Records for this exercise:
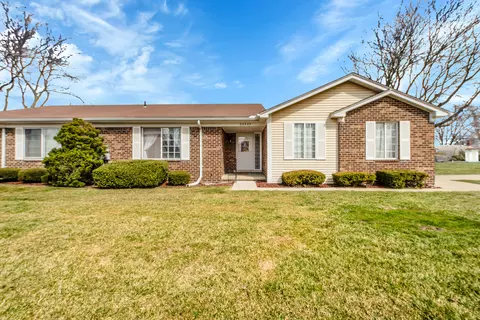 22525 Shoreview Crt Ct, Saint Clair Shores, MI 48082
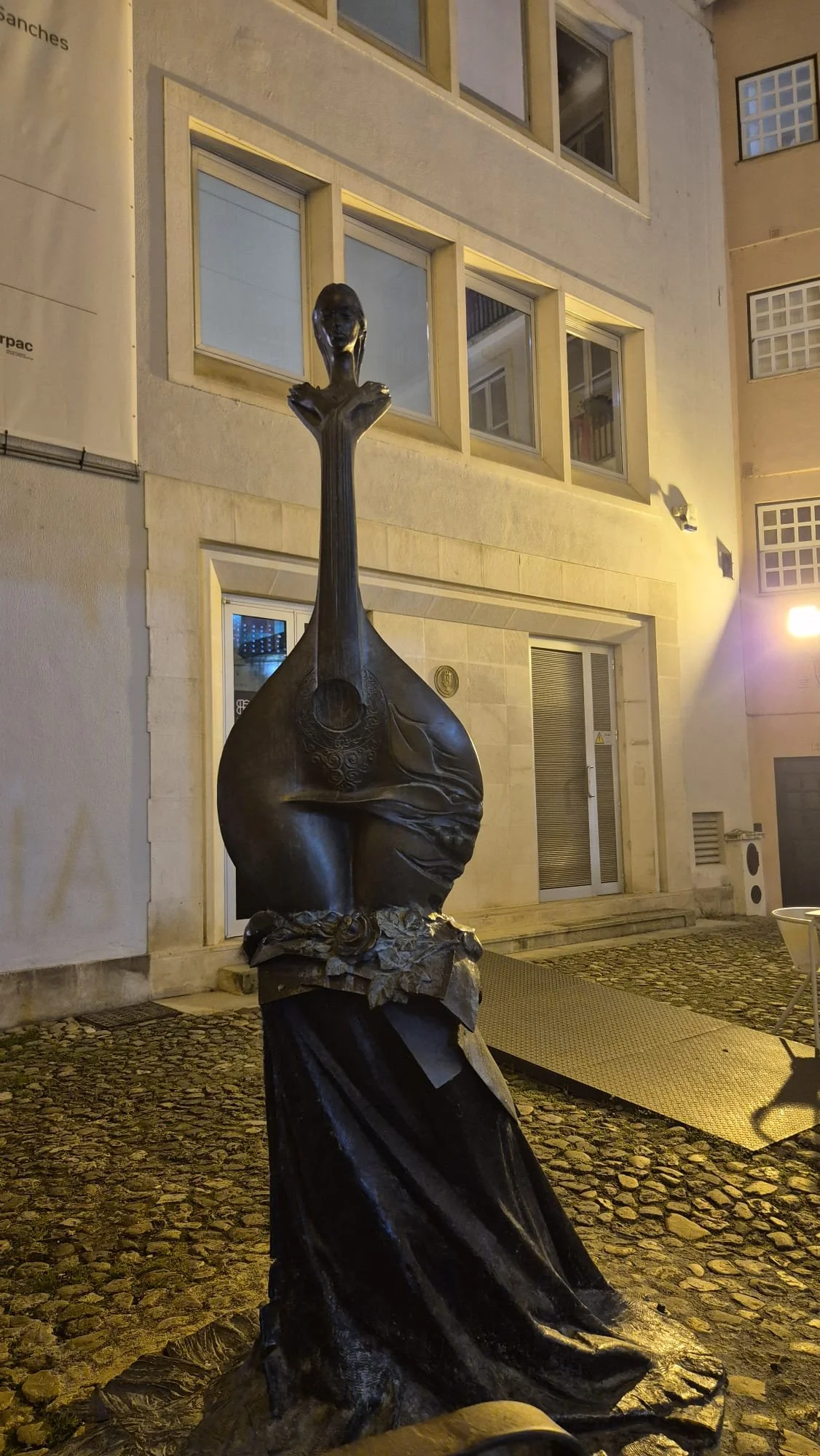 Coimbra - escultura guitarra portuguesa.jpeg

==

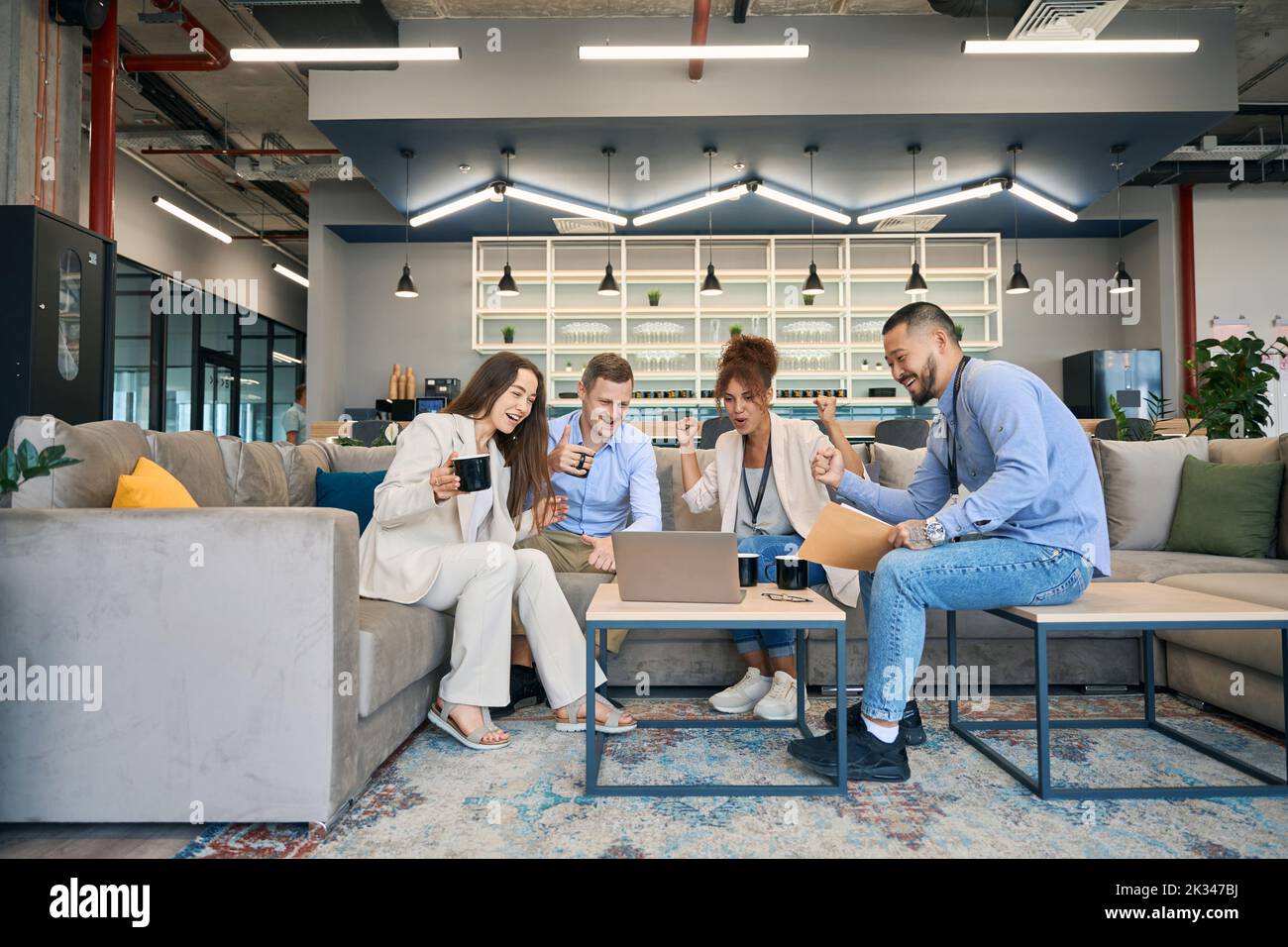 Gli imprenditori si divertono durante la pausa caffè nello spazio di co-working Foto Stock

What is needed:
What you return from the records above should be exactly everything from the line with "22525 Shoreview Crt" down to the line with "Coimbra - escultura guitarra portuguesa.jpeg", both kept, and no pictures.

Task solution:
 22525 Shoreview Crt Ct, Saint Clair Shores, MI 48082
 Coimbra - escultura guitarra portuguesa.jpeg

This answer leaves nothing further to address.